Every certificate carries an aggregated BLS signature from the quorum of validators that endorsed it. These signatures serve two purposes:

1. Verification — any node can verify a certificate's authenticity against the known committee without re-executing transactions

2. Randomness — at epoch boundaries, keccak256(aggregated BLS signature) from the leader certificate provides deterministic randomness for committee shuffling (see Epoch Boundaries)

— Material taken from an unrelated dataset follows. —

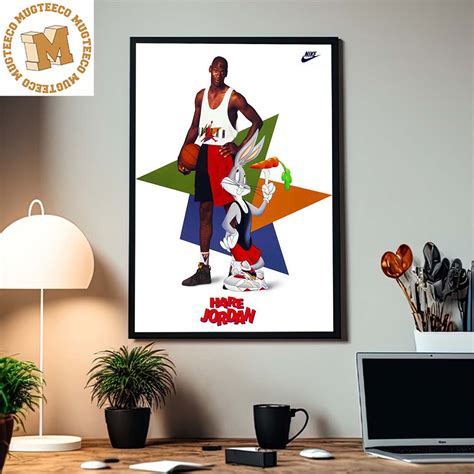 Space Jam Michael Jordan Hare Jordan Official Nike Vintage Home Decor Poster Canvas - Mugteeco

Certificates can be verified directly (checked against the current committee) or indirectly (verified through a chain of trust from a previously verified certificate).

The Execution Chain

From Consensus Output to EVM Blocks

When a sub-DAG is committed, the consensus layer produces a ConsensusOutput. The output is an enriched view of the committed data that includes the actual transaction bytes. The execution engine processes this output to extend the EVM chain.

The flow:

1. Consensus commits a sub-DAG, producing a ConsensusOutput

2. Batches are extracted — each certificate may contain one or more batches of transactions from different workers

3. One EVM block per batch — the engine creates and executes one block for each batch, in order

4. State is updated — each block's state changes are committed to the EVM state trie

Each batch carries its own metadata:

• Beneficiary — the validator address that produced the batch (receives priority fees)

• Base fee — the base fee for this epoch

• Worker ID — which worker produced the batch

• Transactions — serialized transaction bytes

When Blocks Are Produced

Not every consensus output results in new EVM blocks. The behavior depends on whether the output contains batches and whether the epoch is closing:

The "no batches, not closing" case is important for efficiency. Consensus continues to run and commit sub-DAGs even when there are no user transactions. In these cases, the execution chain does not advance, avoiding unnecessary empty blocks. The consensus leader's participation is still tracked for reward purposes. Consistently extending the consensus chain is important to confirm validators are not byzantine and the network is live.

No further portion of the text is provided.